Of particular interest is whether and when the object_verb naming strategy is suitable. This type of prefixing is evident in packages like stringr (str_*), forcats (fct_*) and googlesheets (gs_* etc).

I think the two main advantages of this are that it:

  1. facilitates tab completion and the discovery of functions - especially for interactive use when it's common for packages to be loaded upfront with library()
  2. helps avoid the potential for namespace conflicts with other packages that use similar verbs (e.g. API packages)

I'm in favour of this approach, and it is also encouraged in ROpenSci's packaging guide. However, it seems like it could also be slightly controversial (e.g. some feel this is essentially a namespacing issue and prefixing is a dirty workaround). Please see my blog post for more background on this:

In terms of framing the discussion, I'd like to point people to this article by Francois Chollet, the author of Keras (thanks to @jennybryan for sharing this!). Some parts of it apply more directly to naming conventions than others, but I think it is an excellent resource and I am all for encouraging a "design culture" among R developers.
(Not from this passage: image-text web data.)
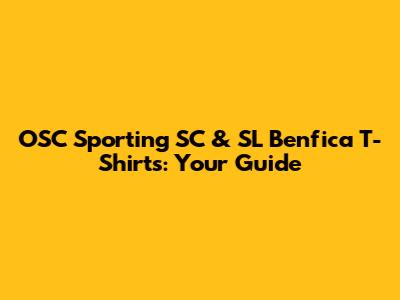 OSC Sporting SC & SL Benfica T-Shirts: Your Guide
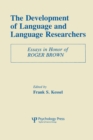 Image for The Development of Language and Language Researchers
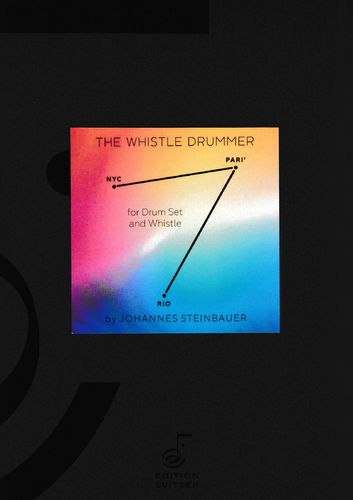 Steinbauer, Johannes: The Whistle Drummer for Drum Set and Whistle
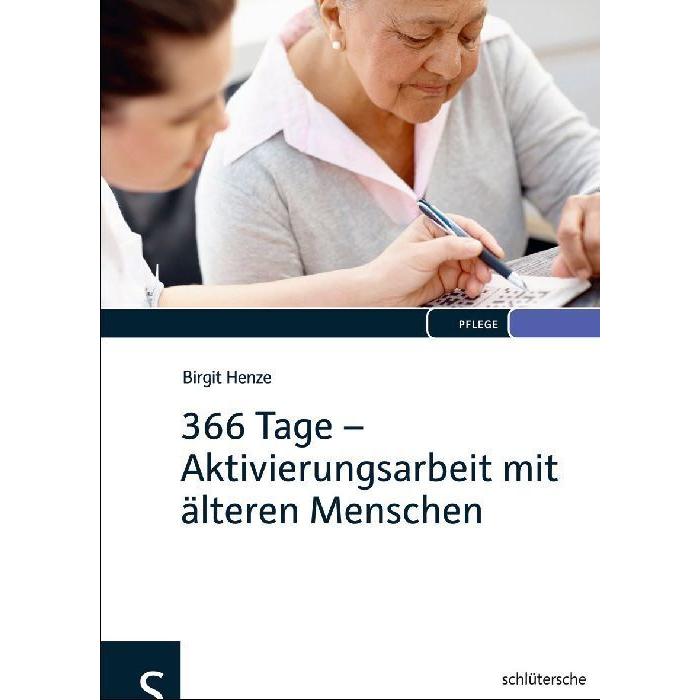 Henze,B.:366 Tage - Aktivierungsarbeit, Fachbücher von Birgit Henze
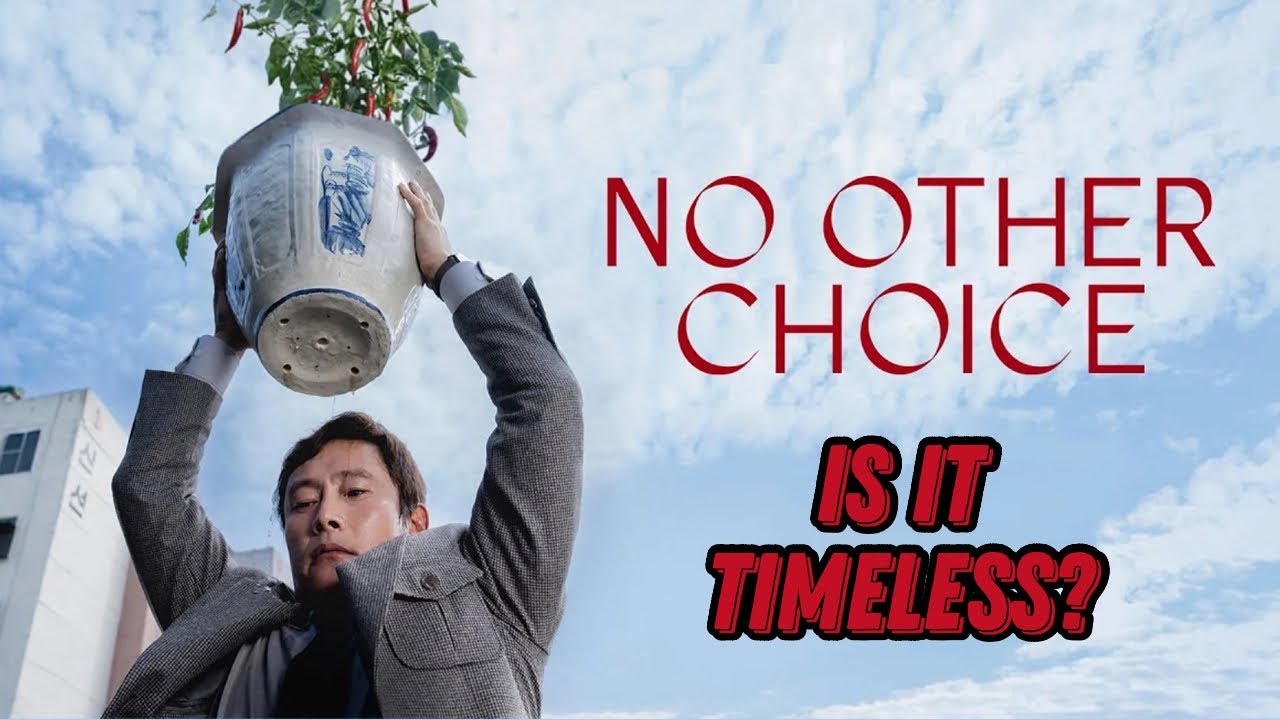 NO OTHER CHOICE Movie Discussion | Is It Timeless? | *SPOILERS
My sense is that a "design culture" means that sometimes we may need to be a little flexible with certain development principles in favour of making things more useable for both ourselves and others. Purists may disagree with that, but one of the things which makes R a great language is the ongoing interaction between R users and (package) developers, and the fact that many of us wear both hats (almost) interchangeably. This is underpinned to a large extent by some of the design intent for R (and S) as highlighted by @jcheng in this interview:

R is not a DSL. It’s a language for writing DSLs, which is something that’s altogether more powerful.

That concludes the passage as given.